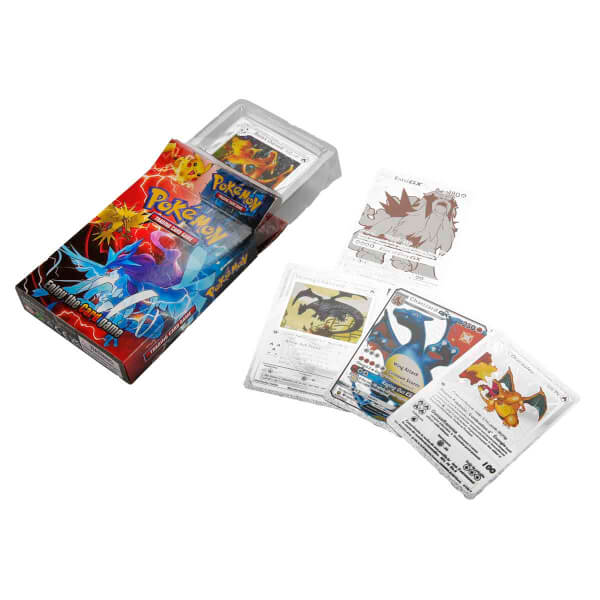 Pokemon Trading Card 5’li Paket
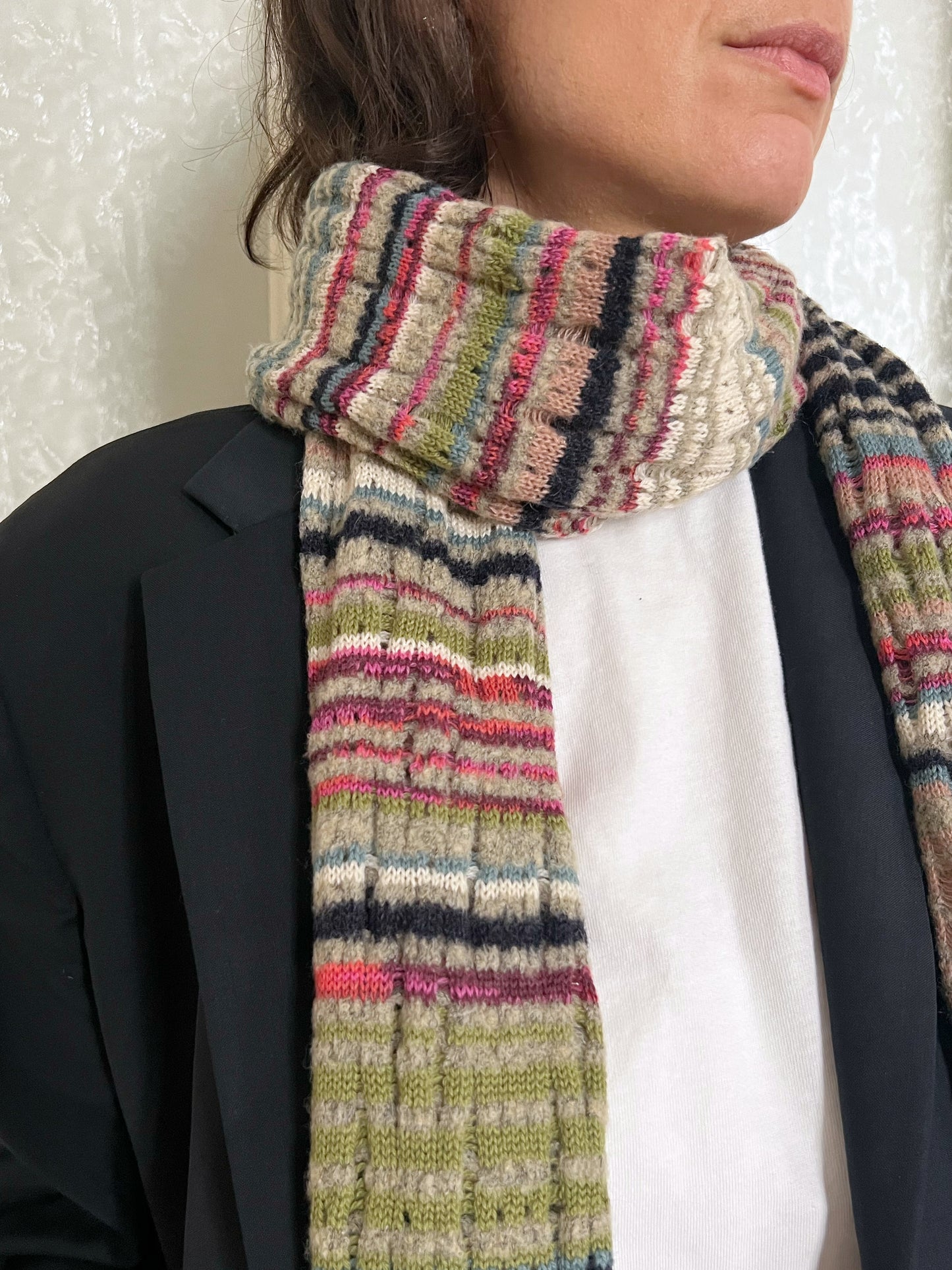 Sciarpa Missoni in lana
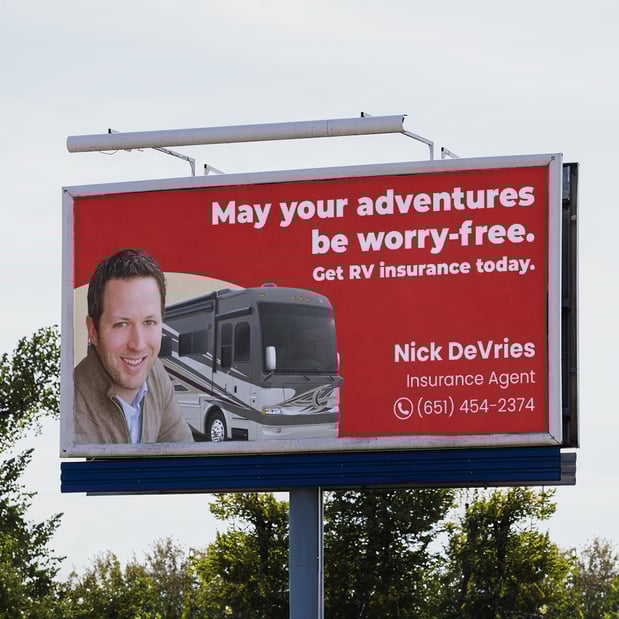Images Nick DeVries - State Farm Insurance Agent
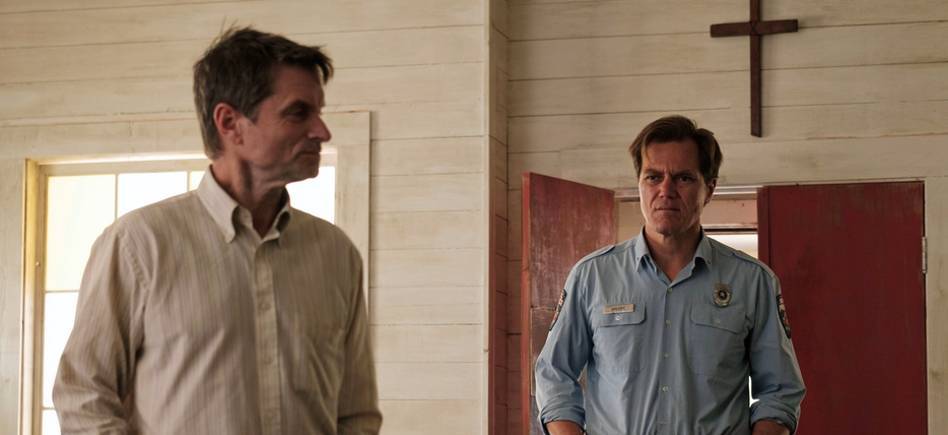 Michael Shannon And Shea Whigham Match Wits In “The Quarry” - www.hollywoodnews.com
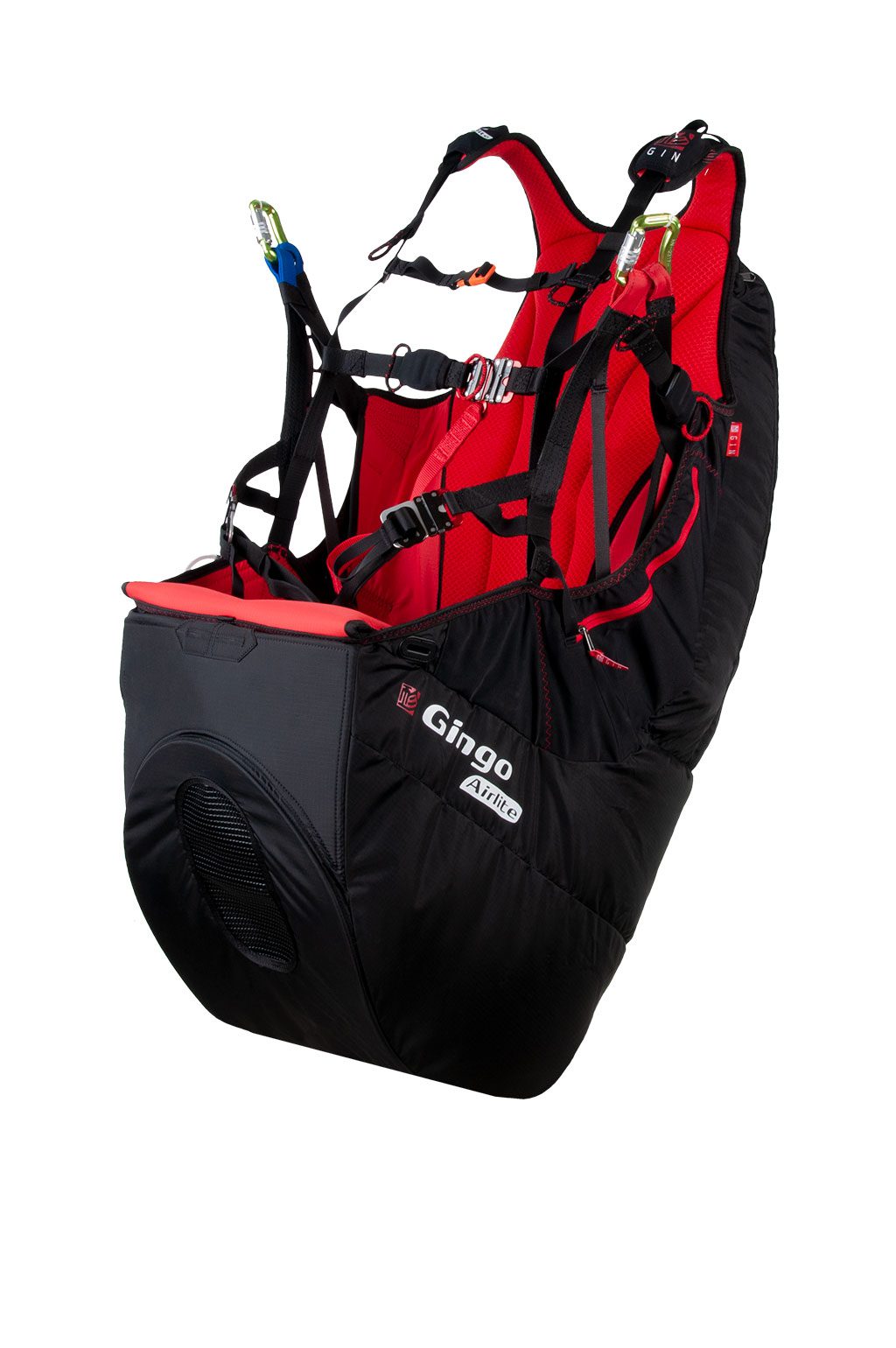Gin Gingo Airlite 4 – Sea to Sky Paragliding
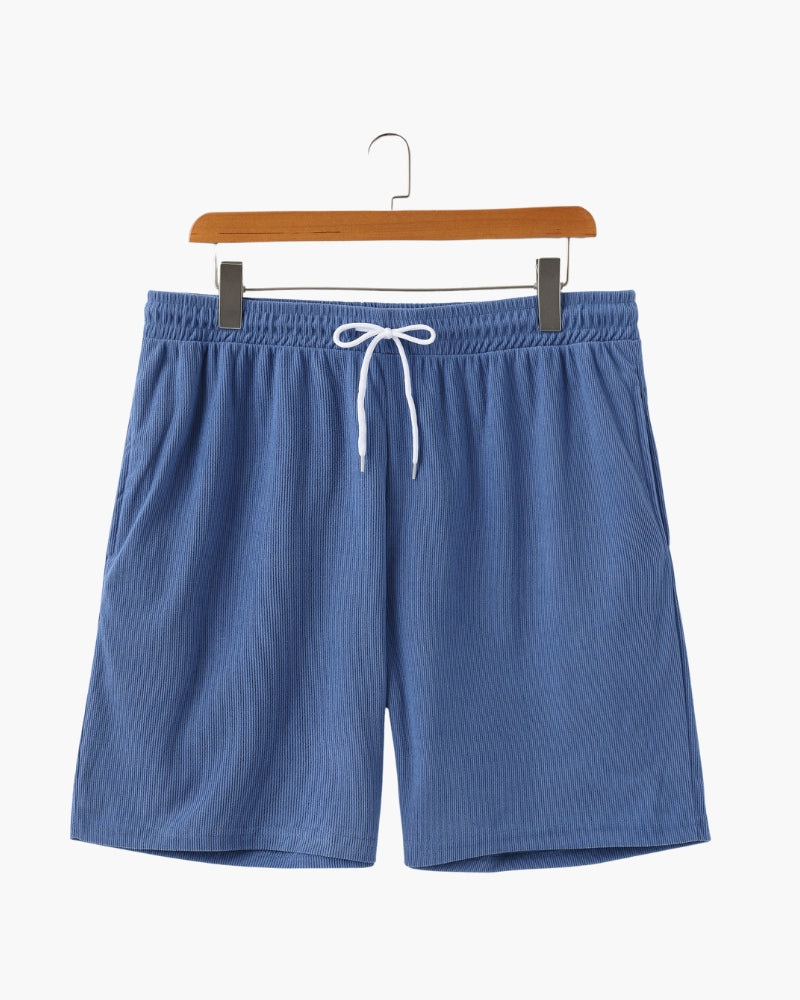 Rügen Leichte Shorts aus Cord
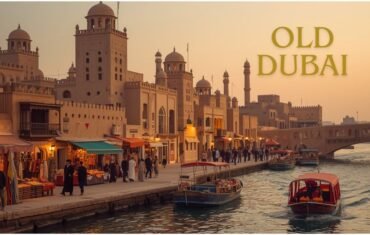 old dubai
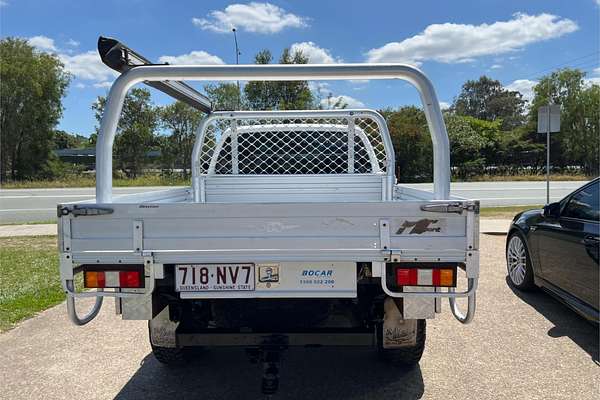 2010 Nissan Navara ST-X D40 4X4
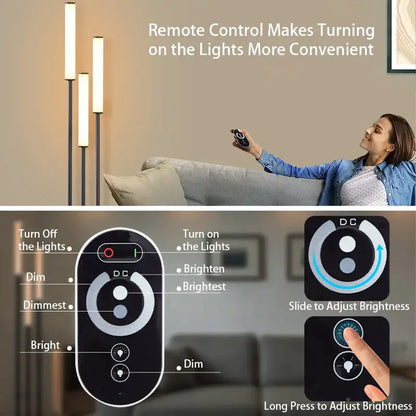 Lampadaire Moderne Design Scandinave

■ PROBLEM TO WORK ON
Restate the entire listing word for word, excluding pictures.

■ ANSWER SPACE
 Pokemon Trading Card 5’li Paket
 Sciarpa Missoni in lana
Images Nick DeVries - State Farm Insurance Agent
 Michael Shannon And Shea Whigham Match Wits In “The Quarry” - www.hollywoodnews.com
Gin Gingo Airlite 4 – Sea to Sky Paragliding
 Rügen Leichte Shorts aus Cord
 old dubai
 2010 Nissan Navara ST-X D40 4X4
 Lampadaire Moderne Design Scandinave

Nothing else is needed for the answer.